Pollard, an employee at Westlock Terminals who lives on a century-old family farm in Div. 4, is entering the fray for the Oct. 16 Municipal Election. Pollard joins division hopefuls Brian Coleman and John Zeise in the race.
“I hadn’t really thought of running before last year, but I always said there’s a lot of people come election time that don’t even bother to vote, but during the term they don’t have a problem criticizing the people that are in,” he said.
“I’m really interested in seeing things turn around at the county. My biggest hope is even if I don’t get elected, whoever does can accomplish what needs to be done.”
Last summer, Pollard attended several council meetings and how the gallery was filled to standing room only.
‘Well, the election’s next year and the county’s kind of in a mess right now and the guy in my division isn’t running, so somebody’s got to step in and turn things around.”
His biggest concern is what came out of the municipal inspection report released late last month. Although he hasn’t read the entire report, he did see the response.
“I read the comments of some people and nobody was surprised by what the outcome was. If you’re surprised by the outcome, you haven’t been living here. I think that’s why there was so much interest in these meetings last summer, because shortly after we started attending those meetings was when the county asked to be investigated.”
His concern coming out of that was the Horizon North industrial park deal where then-CAO Peter Kelly authorized hundreds of thousands of dollars in transactions without council approval.
“If I would have been on council, I would have said no. Why not leave that on him and let him face the consequences for overstepping his boundaries?
“You got to have accountability so when you make a decision, I’ve served on boards for other things and you actually can end up financially responsible for some of the decisions you make if things go south. There’s consequences for everything.”
Pollard, who has sat for six years as a board member and then president of the Purebred Cattle Association, an interprovincial association between B.C. and Alberta, back in the 90s and currently serves on the Wild Rose REA board, said that if he were to sit on council, he would be well-educated on the issues before voting on them.
He is also concerned with the county’s financial status and stability. Although he would like to lower taxes, he said he would counter that by attracting more industry to the area.
He noted that Westlock County has the highest non-residential mill rate and third highest residential mill rate compared to eight other municipalities in the inspection report.
“If other communities with similar size and populations can get by with lower taxes, we should be able too. You’ve got to control your spending.”
Using the Town of Westlock’s industrial parks and how it managed to generate revenue by attracting business, he said the county could do the same.
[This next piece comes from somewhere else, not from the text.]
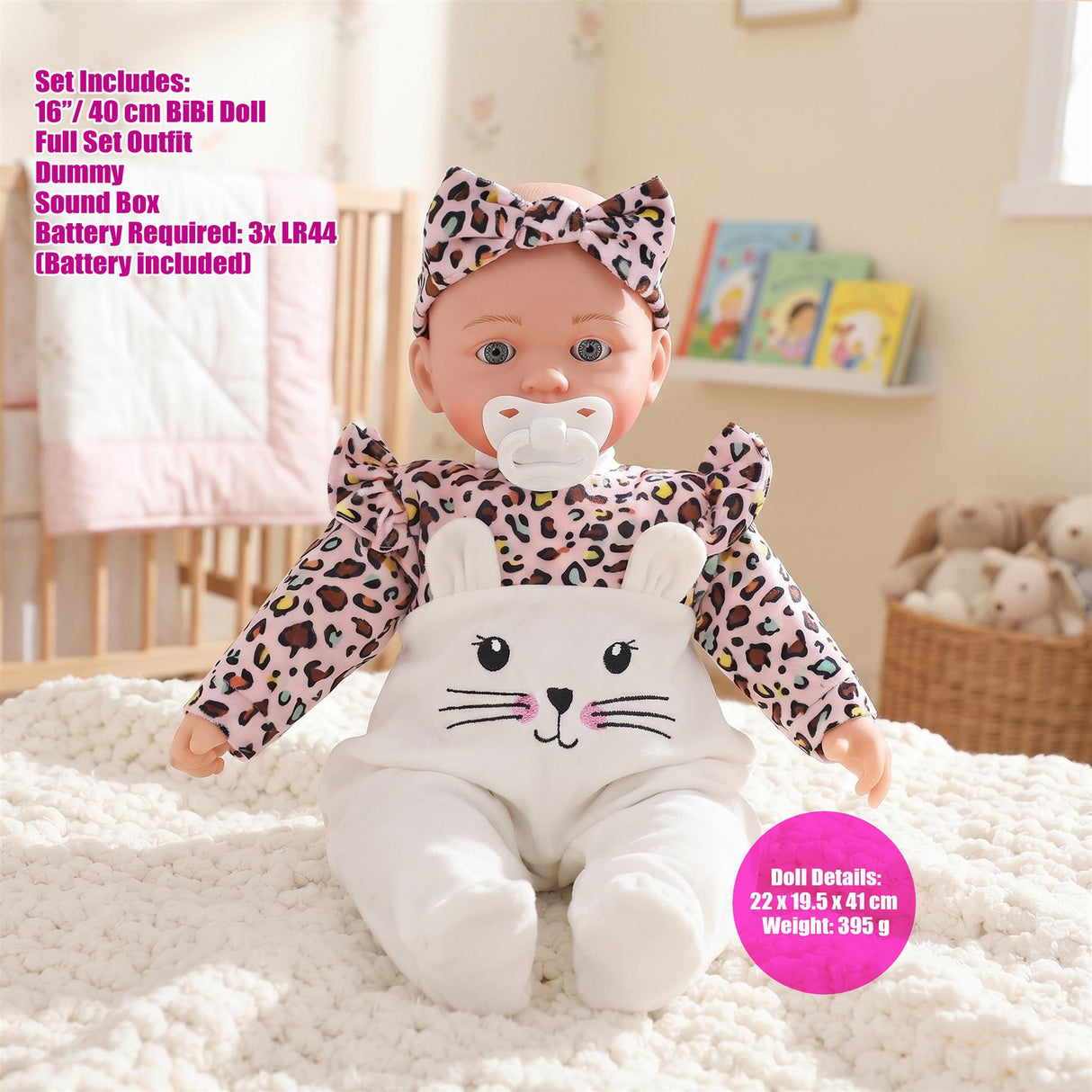 BiBi Kitten Sleeping Doll (40 cm / 16'')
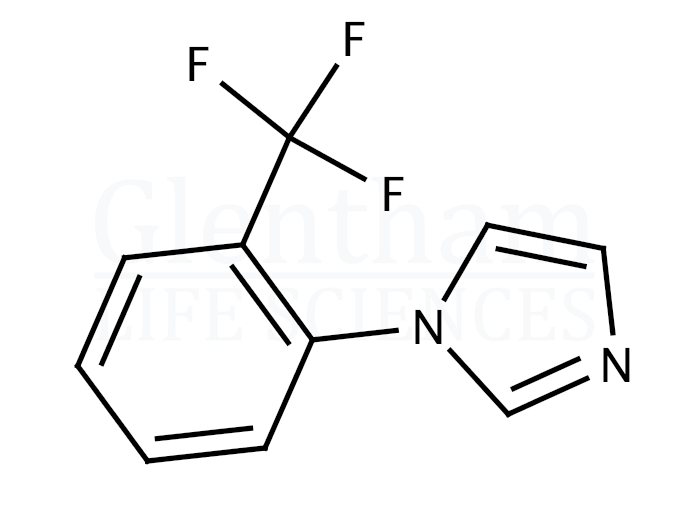 Structure for 1-[2-(Trifluoromethyl)phenyl]imidazole (25371-96-4)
“Are there industries we can attract? Is there somebody we can bring in? There’s got to be things you can do to generate some type of revenue.”
As someone who’s great-uncle homesteaded the land five years before Westlock’s formation and nine years before Westlock became a town, he holds the success of the county in high importance, especially for the future of his five-year-old son.
“My family has deep roots in the community and that’s why I’m concerned seeing it the way things are going.
If elected, he said he would bring a younger perspective to the table.
“First of all, I think there’s going to be a big learning curve for anybody that’s new and I think there’s going to be a lot of new faces on council, by the looks of it,” he said, “I think that it shows a lot of people are unhappy. It’s easy to criticize the people that are there, unless you’re willing to do something, like throw your name in the ring and run.”